--- Data Enclosed Below ---
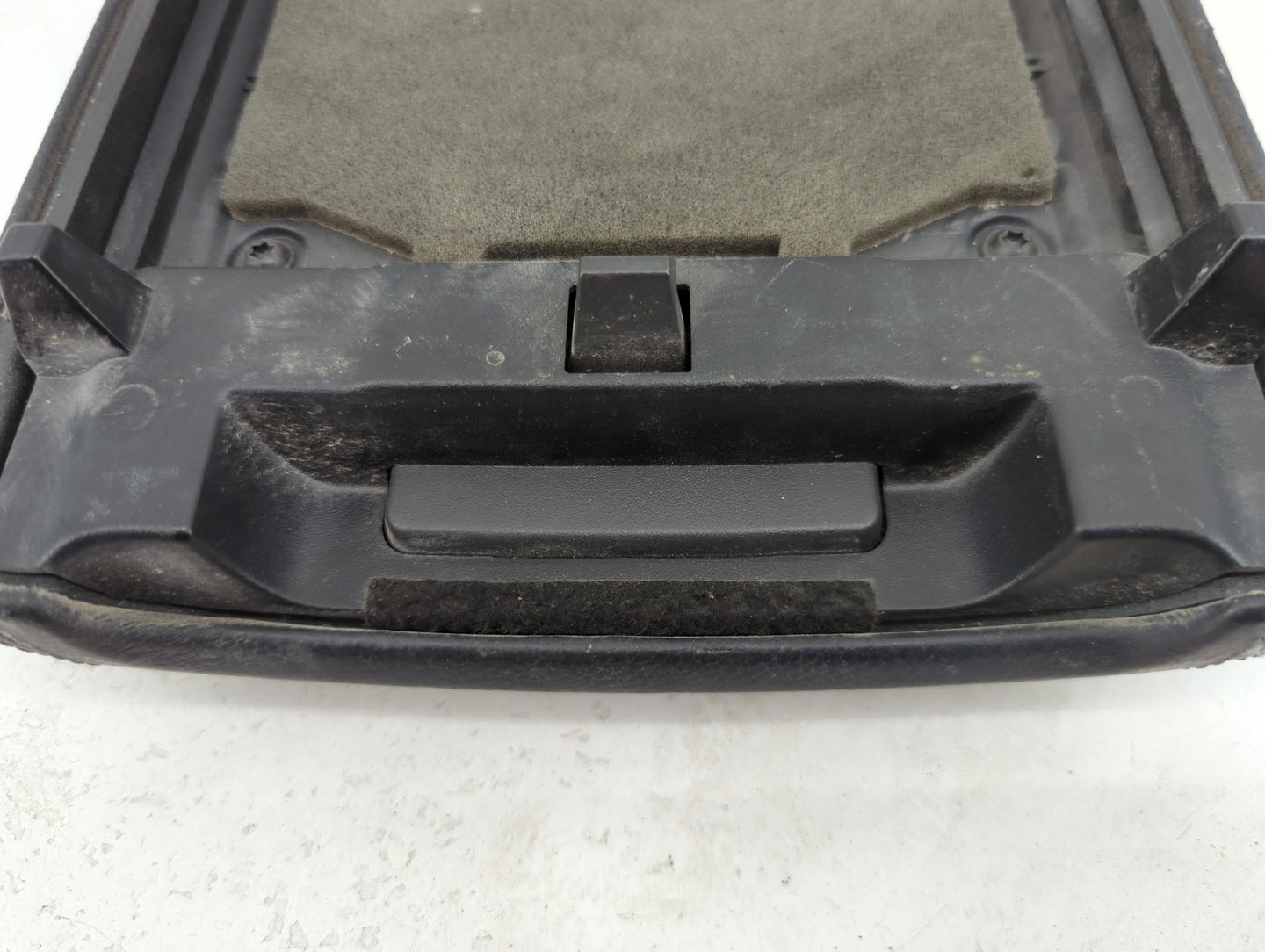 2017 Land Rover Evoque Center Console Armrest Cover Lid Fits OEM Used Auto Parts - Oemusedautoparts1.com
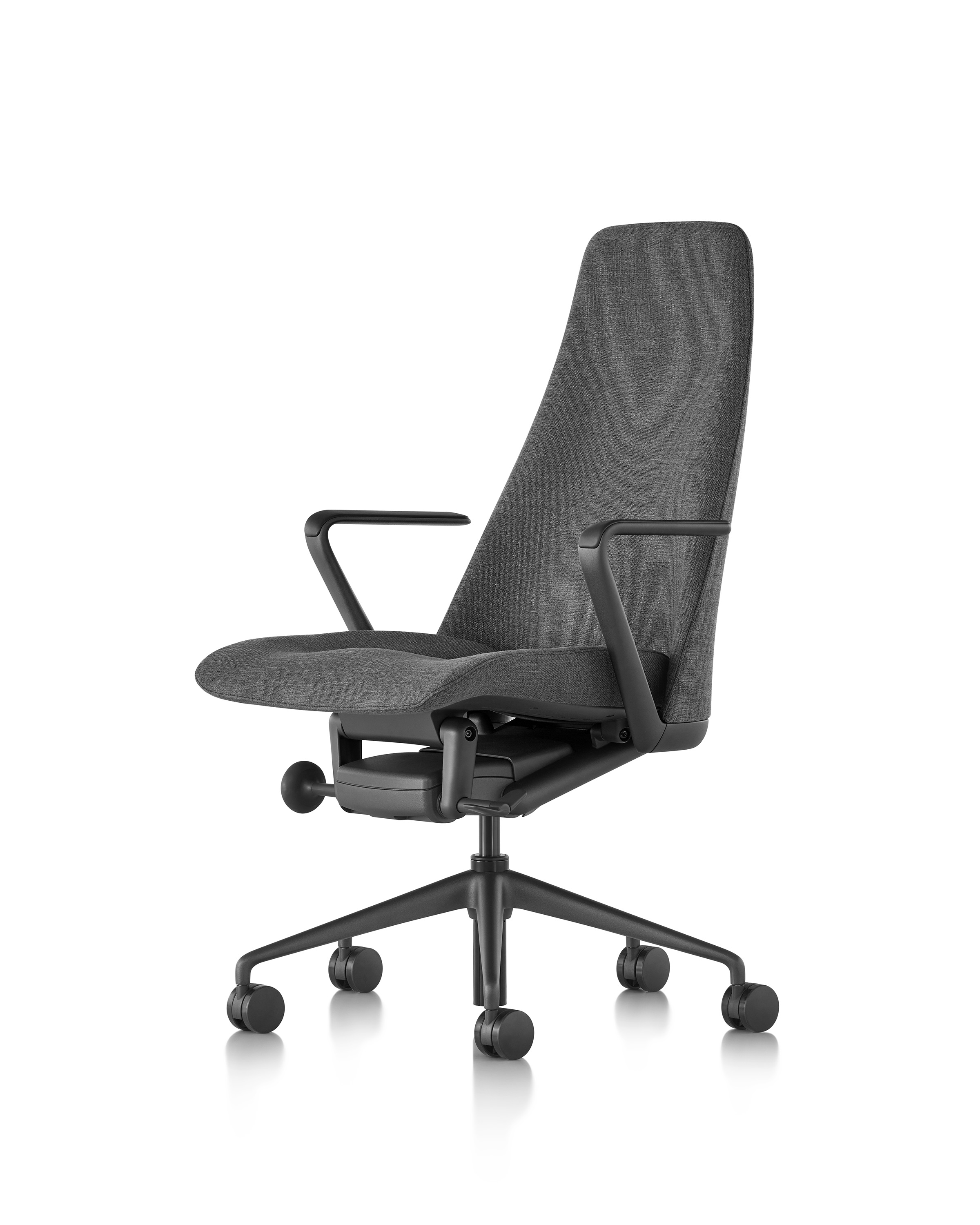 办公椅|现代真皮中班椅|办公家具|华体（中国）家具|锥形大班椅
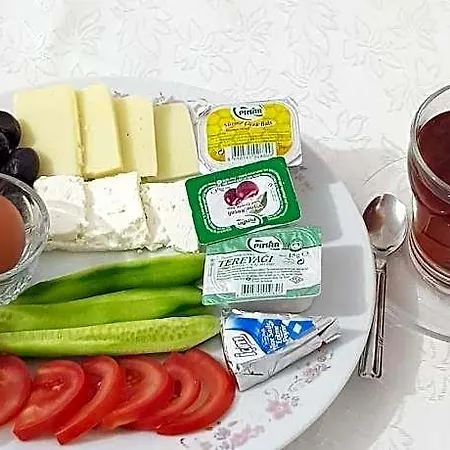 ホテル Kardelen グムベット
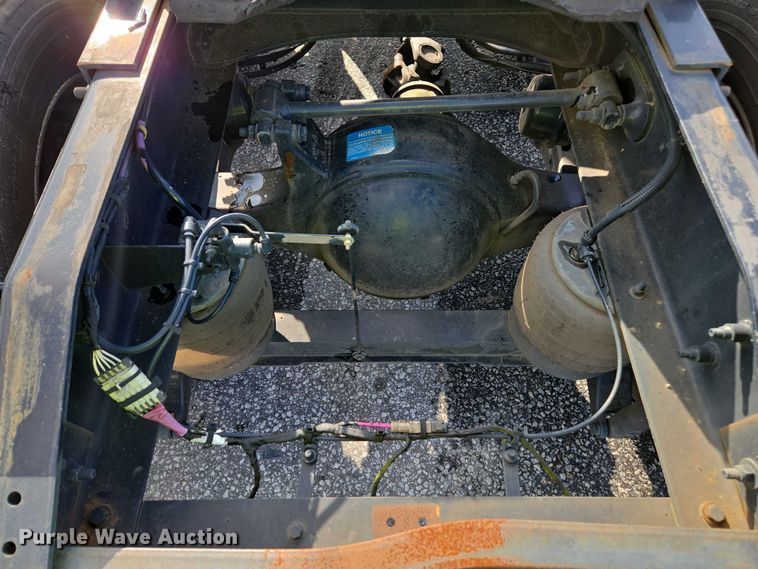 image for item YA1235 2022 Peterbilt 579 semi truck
--- End of Enclosed Data ---
● **Exercise description**: Reproduce the lines above exactly, image-free.

● **Task answer**:
 2017 Land Rover Evoque Center Console Armrest Cover Lid Fits OEM Used Auto Parts - Oemusedautoparts1.com
 办公椅|现代真皮中班椅|办公家具|华体（中国）家具|锥形大班椅
 ホテル Kardelen グムベット
 image for item YA1235 2022 Peterbilt 579 semi truck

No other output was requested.